There is an African-American community in Kansas, including in Kansas City, Kansas. Nicodemus, Kansas is the oldest surviving town west of the Mississippi River settled solely by African Americans.

Brown v. Board of Education of Topeka was decided in 1954.

As of the 2020 U.S. Census, African Americans were 5.7% of the state's population. They are concentrated in Wyandotte County and Geary County.

History

Kansas was admitted to the United States as a free state in 1861. Some Black slaves were imported to Kansas. Many Black migrants came from the Southern United States as hired laborers while others traveled to Kansas as escaped slaves via the Underground Railroad.
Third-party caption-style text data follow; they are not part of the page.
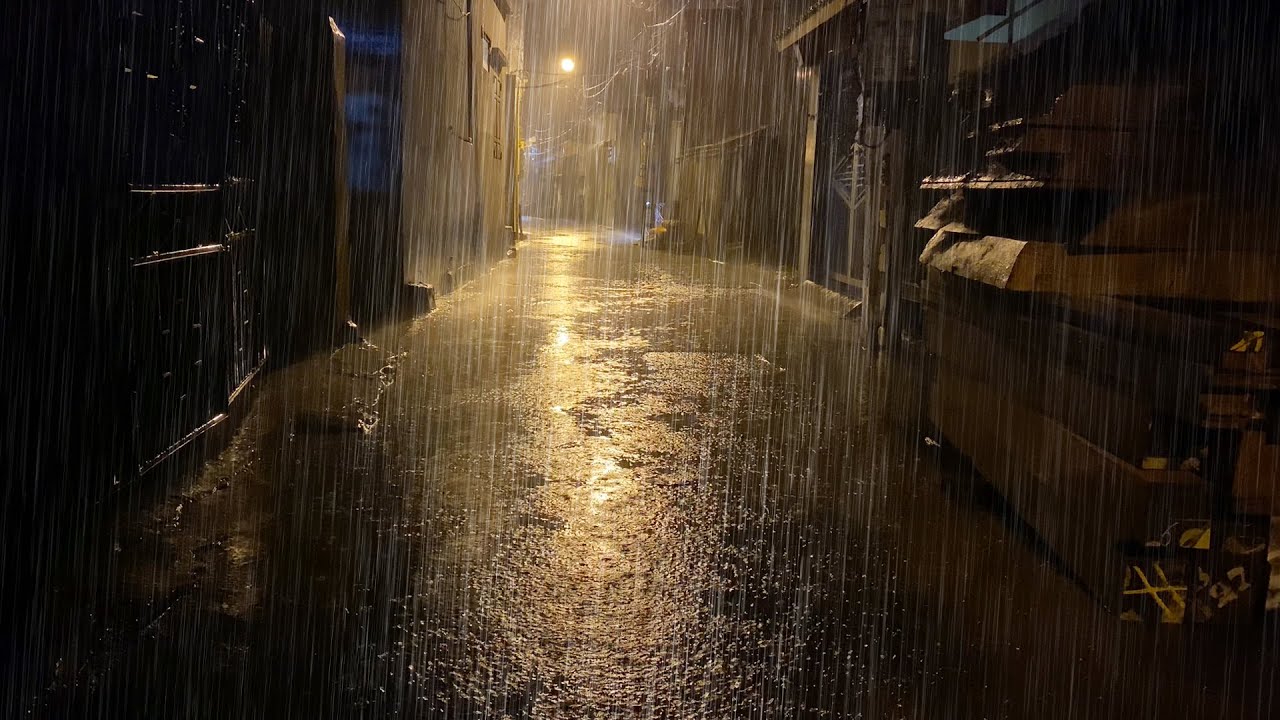 Having a Good Sleep Instantly with Heavy Rain in Deep Empty Alley at Night - Relaxing Rain Sounds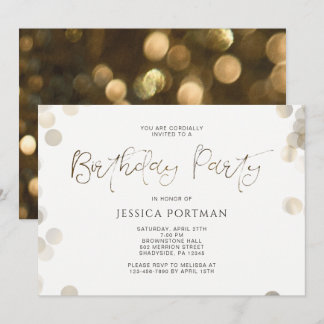 Birthday Party Einladung Modernes Gold Look Bokeh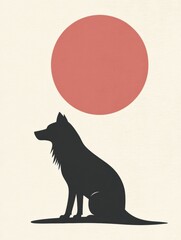 Leinwandbilder - Minimalist wolf silhouette against a full moon background with ample space for text or messaging. Generative AI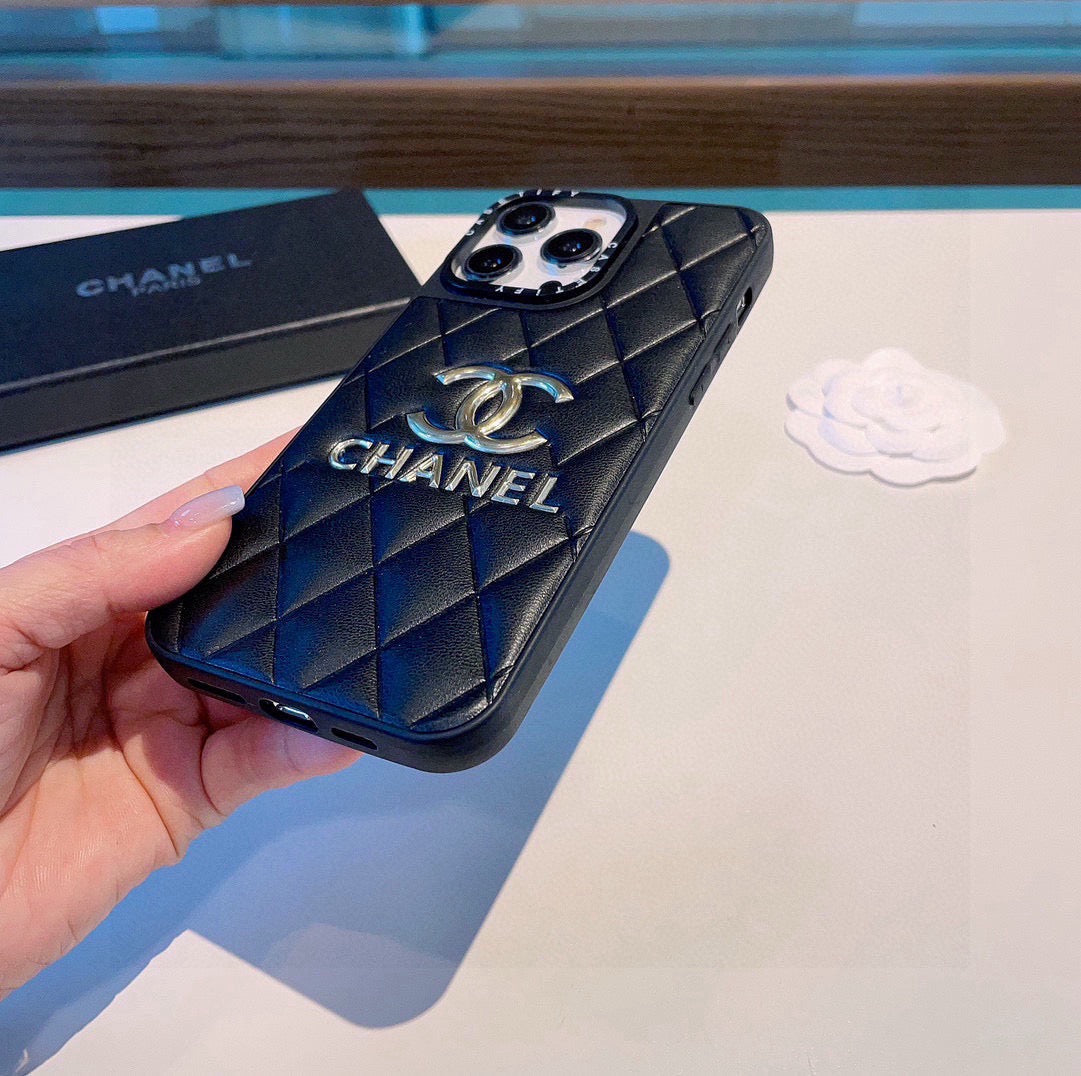 Chanel Quilted Leather Phone Case with Metal CC Logo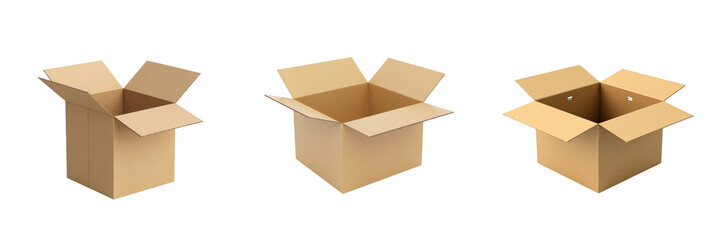 Collection of Opened Cardboard Boxes in Varying Sizes and Angles on a transparent Background Emphasizing Versatility for Packaging and Storage Uses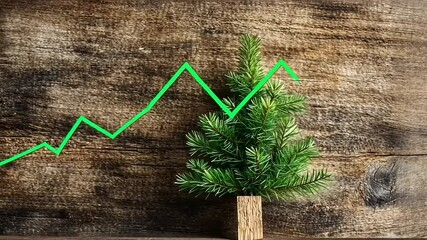 Green line graph rising above a small pine tree on a rustic wooden background, symbolizing growth - Powered by Adobe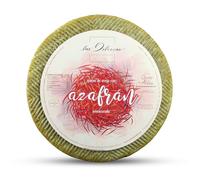 QUESOS LA ALDEA Queso de Oveja Semicurado al Azafrán 3 kg Queso Gourmet Artesano, Semi Curado de Oveja al Azafran, Ideal Cesta Gourmet, Premiado en WORLD CHEESE AWARDS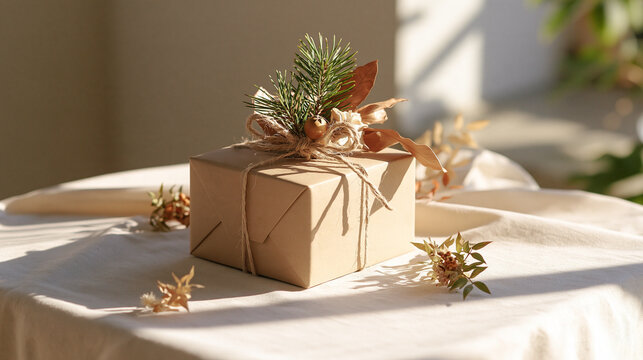 Brown paper parcel tied with string and evergreen sprigs
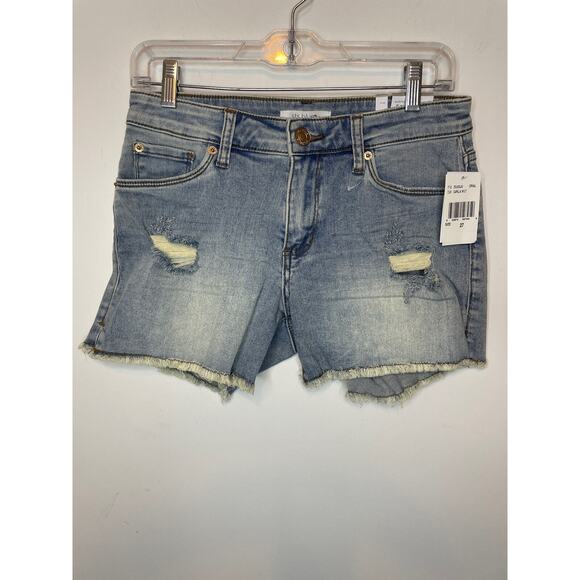 STS Blue Women's Size 27 Aubrey 9" Mid Rise Cut Off Shorts Light Wash Denim NWT - Picture 1 of 11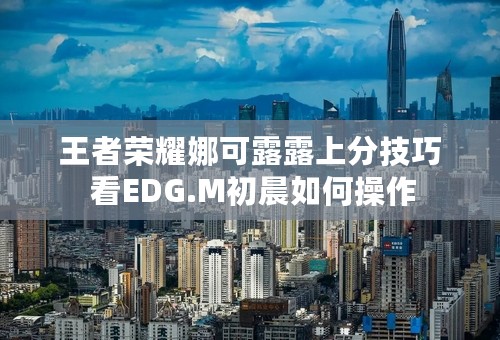 王者荣耀娜可露露上分技巧 看EDG.M初晨如何操作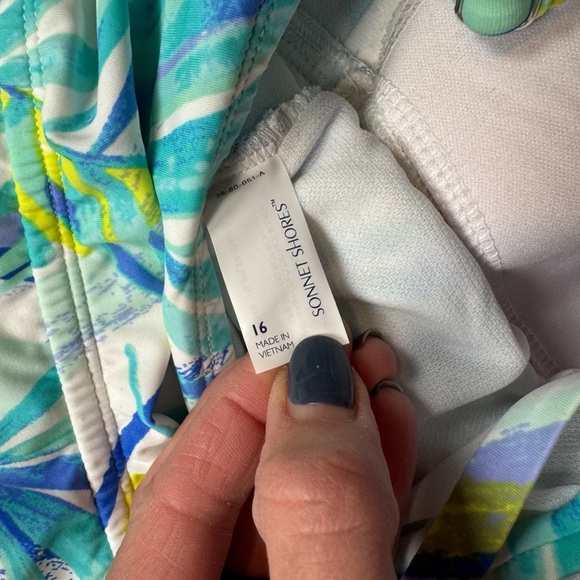 Sonnet Shores One Piece Swimsuit Size 16 Tropical Ruched Adjustable Straps 0122 - Picture 8 of 8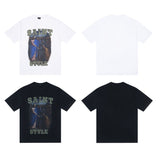 saint m t shirts  s.m oil painting character graphic crew neck short sleeve top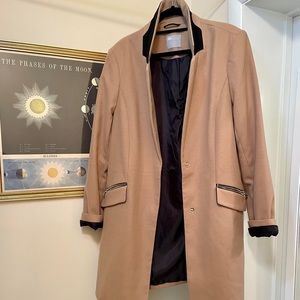 ASOS Tall Slim Boyfriend Coat w/ Zip Pocket -Camel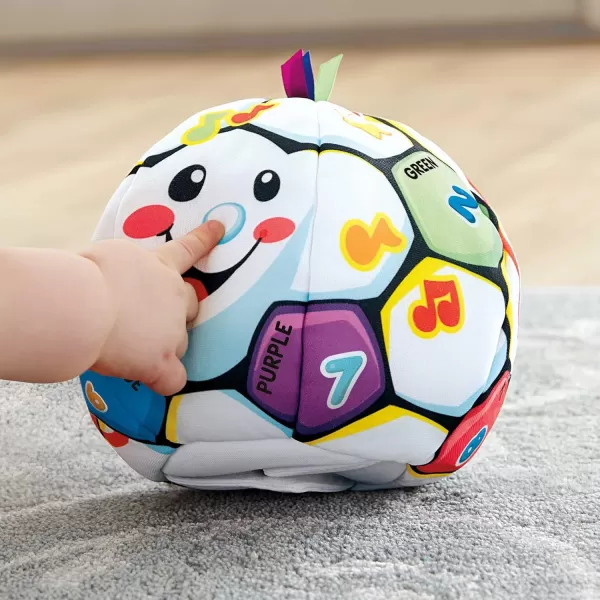 FisherPrice Baby to Toddler Toy Laugh ampamp Learn Singin Soccer Ball Musical Plush with Educational Phrases for Infants Ages 6 Months Amazon ExclusiveRetail Packaging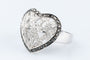 Bague 56 Bague cœur en or blanc 18 carats sertie de diamants 58 Facettes 111.65702-66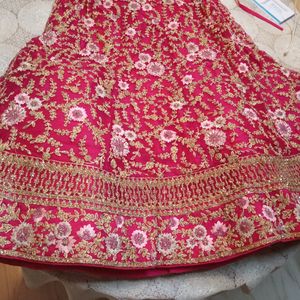 Cherry Pink Heavy Handworked Lahenga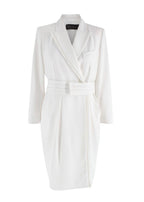 MaxMara White Blazer Dress With Fringe Trim Detail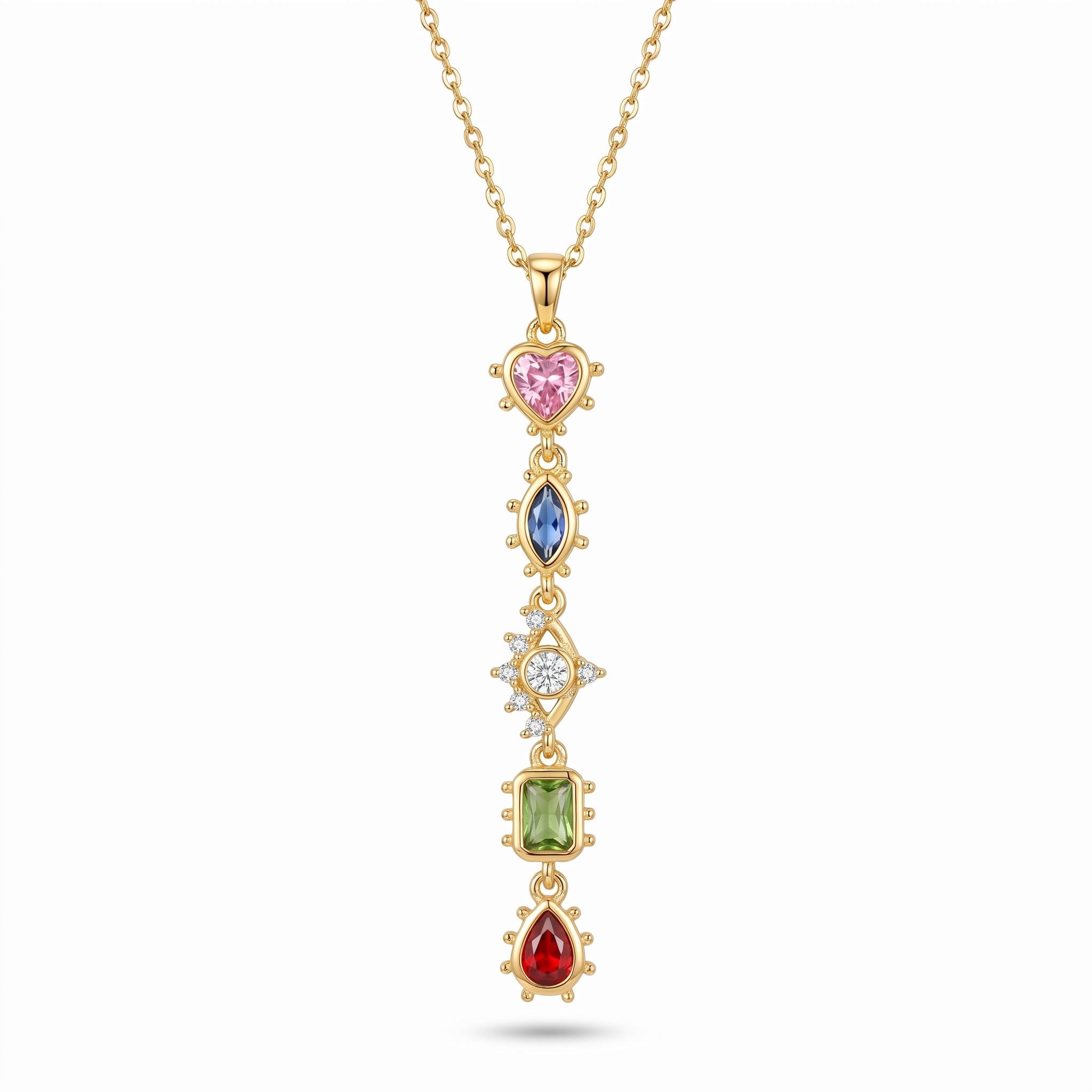 Multicolour CZ Long Bar Pendant Necklace – Chakra Fashion Jewellery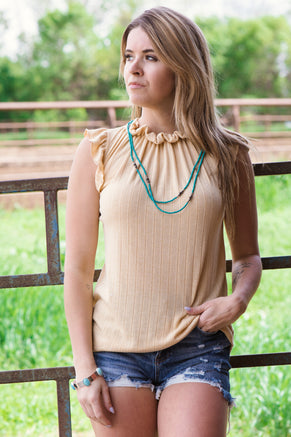 Light Mustard Rib Knit Ruffle Sleeveless Top - Filly Flair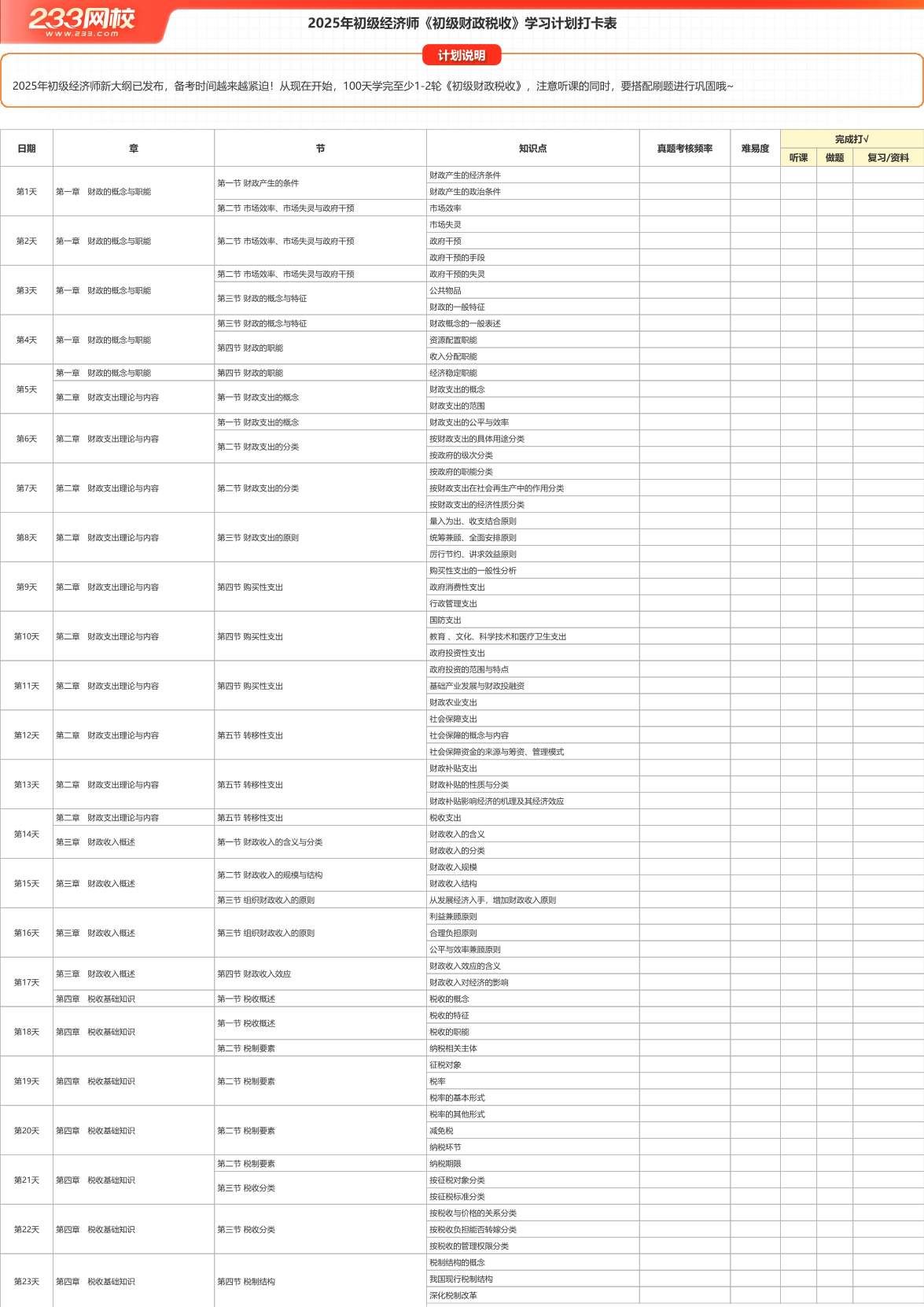 2025年初級(jí)《財(cái)政稅收》100天學(xué)習(xí)計(jì)劃打卡表（A3版）.pdf.pdf-圖片1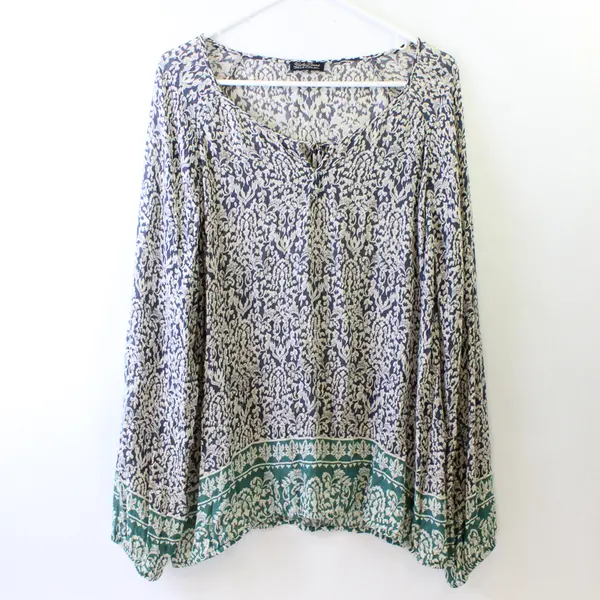 Lucky Brand Semi-Sheer Beige Blue and Green Long-Sleeved Blouse Women's XL
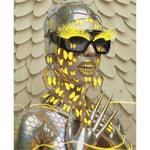 Digital surrealist portrait of the Mother Nature Series 'Metamorphosis' artwork featuring a model wearing oversized black mesh sunglasses with electric neon yellow eye lashes and skin deep butterflies, metal gold smile in an iridescent snakeskin outfit. Yellow feather background. Surreal artwork by MizDragonfly. 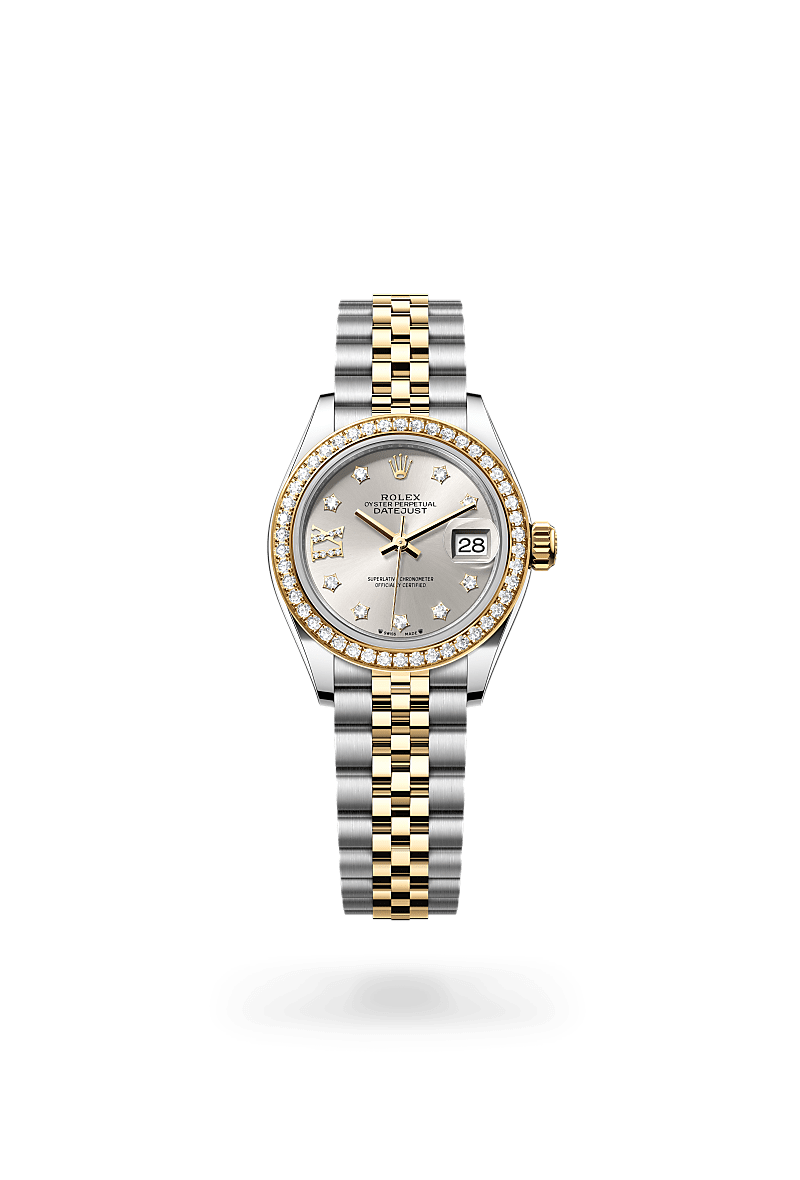 Oyster, 28 mm, Oystersteel, yellow gold and diamonds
Some moved from the South during the Kansas Exodus in the 1860s. Kansas was not immune from Jim Crow segregation, race riots, white supremacy and violence from racist white people. Newspapers have documented incidents of white people lynching a black man in Fort Scott and white mobs attacking black Americans held in jails in Leavenworth, Topeka, and Kansas City.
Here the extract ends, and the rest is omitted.